When the second grounding order came on Sept. 16, Holloway says he was notified by the Mississippi Agricultural Aviation Board to lock up his plane because the FAA had grounded all general aviation, including aerial applicator services, indefinitely.
“We were grounded until further notice with no explanation. As a result, we couldn’t afford to do anything but sit around and wait to see when, and if, we’d be allowed back up in the air.”
In the approximately 30 hours that followed, Holloway says, “They didn’t tell us anything. I wasn’t able to get information out of Washington, D.C. about what was going on, or what we could expect in the near future.”
Holloway estimates that there are 250 registered pilots in Mississippi working at 120 aerial applicator operations.
In recent days, FBI agents have visited several aerial applicators and flight schools asking questions, say applicators Farm Press has spoken with.
“They want to know about any student pilots over the last few years, about security around the planes, about anyone hanging around that shouldn’t be,” said Mark Hartz, treasurer of the National Agricultural Aviation Association and an applicator operating outside Stuttgart, Ark.
Prior to the latest flight ban being lifted on Sept. 17, Hartz says the FBI seemed very concerned about airplanes parked outside hangers. Any plane sitting outside, exposed and easily approached, they wanted rendered inoperable.
“That usually meant taking the batteries out,” says Hartz.
Late Monday afternoon, Hartz got the FAA call allowing pilots back into the air. He says there was a difference this time, though.

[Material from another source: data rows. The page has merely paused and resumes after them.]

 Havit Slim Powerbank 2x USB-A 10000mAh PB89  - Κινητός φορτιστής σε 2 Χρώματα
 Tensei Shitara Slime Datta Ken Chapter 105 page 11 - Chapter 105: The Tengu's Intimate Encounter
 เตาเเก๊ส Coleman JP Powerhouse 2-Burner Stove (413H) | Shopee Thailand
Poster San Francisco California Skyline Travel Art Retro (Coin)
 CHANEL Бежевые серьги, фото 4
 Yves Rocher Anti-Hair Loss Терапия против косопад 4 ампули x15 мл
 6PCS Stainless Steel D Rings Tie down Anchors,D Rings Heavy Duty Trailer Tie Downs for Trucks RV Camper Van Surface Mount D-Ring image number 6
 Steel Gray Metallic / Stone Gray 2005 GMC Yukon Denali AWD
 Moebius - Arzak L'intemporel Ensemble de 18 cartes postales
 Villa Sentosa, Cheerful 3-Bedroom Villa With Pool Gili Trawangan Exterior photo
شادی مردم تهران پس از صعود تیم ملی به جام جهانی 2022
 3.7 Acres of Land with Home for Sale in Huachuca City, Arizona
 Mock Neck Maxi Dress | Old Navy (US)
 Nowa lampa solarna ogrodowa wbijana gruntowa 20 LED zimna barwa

“It wasn’t a sentence they used before like, ‘You're cleared to fly at 11 a.m.’ This time the caller said, ‘You’re cleared to fly.’ Period. That leads me to think we’ll not be jerked back down so quickly.”
What changed the FAA's mind? Hartz isn’t sure, “but a couple of days ago, applicators got together with economists and prepared a report quantifying how much applicators sitting idle could cost. I’m not sure who we got to listen to our concerns, but the right person obviously heard.”
Hartz says the statistical service at the University of Arkansas gathered numbers for cotton, rice and soybeans in the state. Collectively, the potential lost revenue by aerial applicators as well as yield losses equaled $48 million in Arkansas alone.
“If one state stood to lose that much, imagine what the number must have been for the whole Delta, or the whole nation. We don’t know exactly which argument got them to listen, but those huge numbers surely played a part.”
In a conference call with the NAAA executive committee on Monday, Hartz says the scope of the problem became obvious.
“Someone brought up the fact that potato farming in the U.S. was facing trouble next year if applicators weren’t allowed back into the air. Apparently, late blight is hitting seed potatoes up north and they need spraying. No spraying could mean not enough potatoes to plant next year.”